In this work, Cu/Al8011/Al1060 trilayered composite with an ultrathin copper layer was fabricated successfully by the hybrid process of cast-rolling and hot-roll-bonding. The effects of heat treatment were investigated on the microstructure and mechanical behavior of the composite. The results showed that annealing temperatures above 300 ​°C led to the formation of new intermetallic compounds that joined their initial counterparts. Also, the interface growth was fast above 340 ​°C. It was found that the annealing temperature of 320 ​°C led to the optimal tensile properties of the composite. Through rolling, hard-brittle IMCs imposed intense plastic strains on the surrounding regions, resulting in further grain refinement of both metals in the vicinity of the interface.
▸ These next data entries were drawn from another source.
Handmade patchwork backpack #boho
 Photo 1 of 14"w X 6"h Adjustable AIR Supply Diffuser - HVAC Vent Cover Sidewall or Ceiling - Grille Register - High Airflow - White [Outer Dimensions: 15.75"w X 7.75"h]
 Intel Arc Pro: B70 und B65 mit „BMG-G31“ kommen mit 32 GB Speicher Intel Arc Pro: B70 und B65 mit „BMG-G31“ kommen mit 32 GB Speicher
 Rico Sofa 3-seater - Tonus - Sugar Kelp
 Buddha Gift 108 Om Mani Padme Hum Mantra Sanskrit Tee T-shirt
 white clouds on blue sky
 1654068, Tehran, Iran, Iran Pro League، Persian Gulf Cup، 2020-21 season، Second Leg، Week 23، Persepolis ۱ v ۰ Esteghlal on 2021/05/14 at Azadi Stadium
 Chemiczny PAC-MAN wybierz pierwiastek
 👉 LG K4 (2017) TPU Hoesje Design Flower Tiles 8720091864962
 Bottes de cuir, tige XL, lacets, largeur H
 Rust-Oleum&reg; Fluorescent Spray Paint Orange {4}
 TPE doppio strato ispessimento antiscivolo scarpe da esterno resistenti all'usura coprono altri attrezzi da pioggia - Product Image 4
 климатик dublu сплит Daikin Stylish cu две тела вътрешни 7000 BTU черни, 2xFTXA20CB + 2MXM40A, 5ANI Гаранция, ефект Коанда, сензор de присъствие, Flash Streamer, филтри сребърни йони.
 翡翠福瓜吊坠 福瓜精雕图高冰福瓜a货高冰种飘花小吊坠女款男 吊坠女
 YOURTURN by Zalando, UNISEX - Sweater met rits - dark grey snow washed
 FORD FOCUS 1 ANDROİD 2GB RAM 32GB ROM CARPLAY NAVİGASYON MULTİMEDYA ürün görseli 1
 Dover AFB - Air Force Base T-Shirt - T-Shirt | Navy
Although the kernel average misorientation of the trilayered composite was almost identical with the Cu/Al8011 bimetal, its amount was considerably decreased after heat treatment, as the distorted structure changed into a nearly strain-free one using the restoration phenomenon. The SEM-based in-situ tensile test showed that crack initiation occurred within the IMCs and propagated into the Cu strip, leading to its early fracture. However, the strength-displacement curve during in-situ tensile deformation did not decrease significantly due to the ultrathin copper layer.